How do I unsubscribe from the e-mail notification?
Sep 13, 2012 at 6:04 PM | Unregistered Commenterjohn
Bernanke feedback loop of death.

"To support a stronger economic recovery... the Committee agreed today to increase policy accommodation by purchasing additional agency mortgage-backed securities."

Translation: Fed hands over money for insolvent banks to blow on bonuses, real econonmy deteriorates, Fed hands even more money to insolvent banks, etc.

Why don't Bernanke and Geithner just confiscate all private wealth in the U.S. and give it to big banks? If Professor Bernanke's theory had any validity whatsoever, the economy would rebound instantly. What's with these half-assed measures?
Sep 13, 2012 at 7:32 PM | Unregistered CommenterCheyenne
How do I unsubscribe from the e-mail notification?

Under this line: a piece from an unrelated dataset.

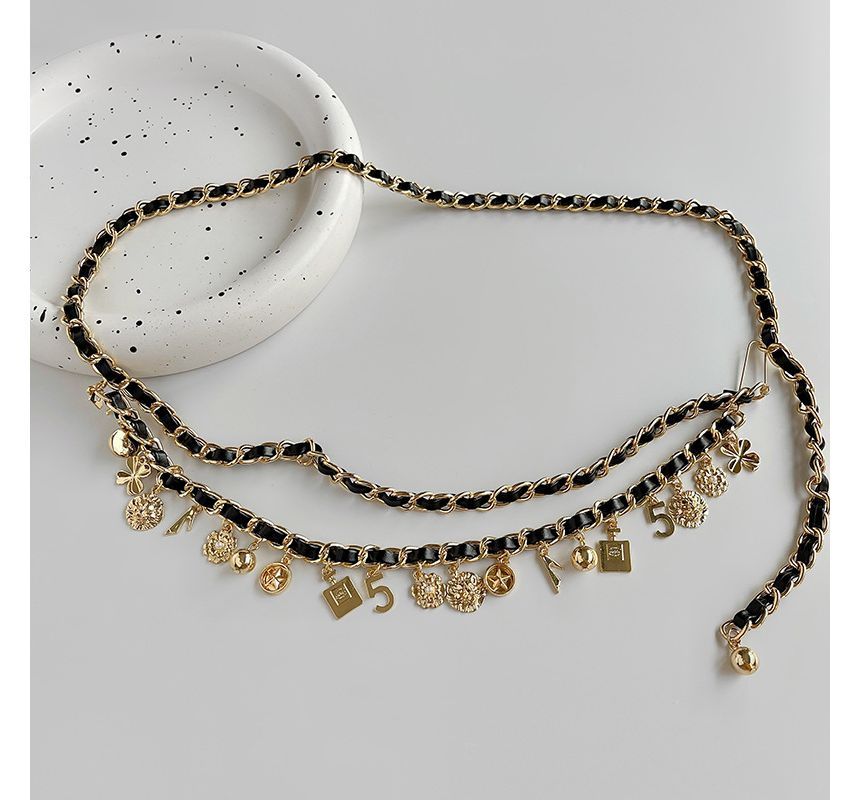 Faux Leather Layered Chain Waist Alloy Fringed Belt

If you mean the daily email that feedburner sends with my stories, then look at the bottom of the email and there is an unsubscribe button. 2 clicks and you're done.
Sep 13, 2012 at 10:06 PM | Unregistered CommenterDailyBail
Thanks. I found it earlier. I have subscriptions to quite a few (way too many) news outlets and it is now becoming a pain in the ass with the iPhone.
Sep 14, 2012 at 7:37 AM | Unregistered Commenterjohn
Denninger's post on QE4Ever explains Bernanke's feedback loop of death in no uncertain terms:

"Bernanke's statement was that he would keep QEing until unemployment falls to where he wants it. What happens if it does not come down at all, but rather goes up?"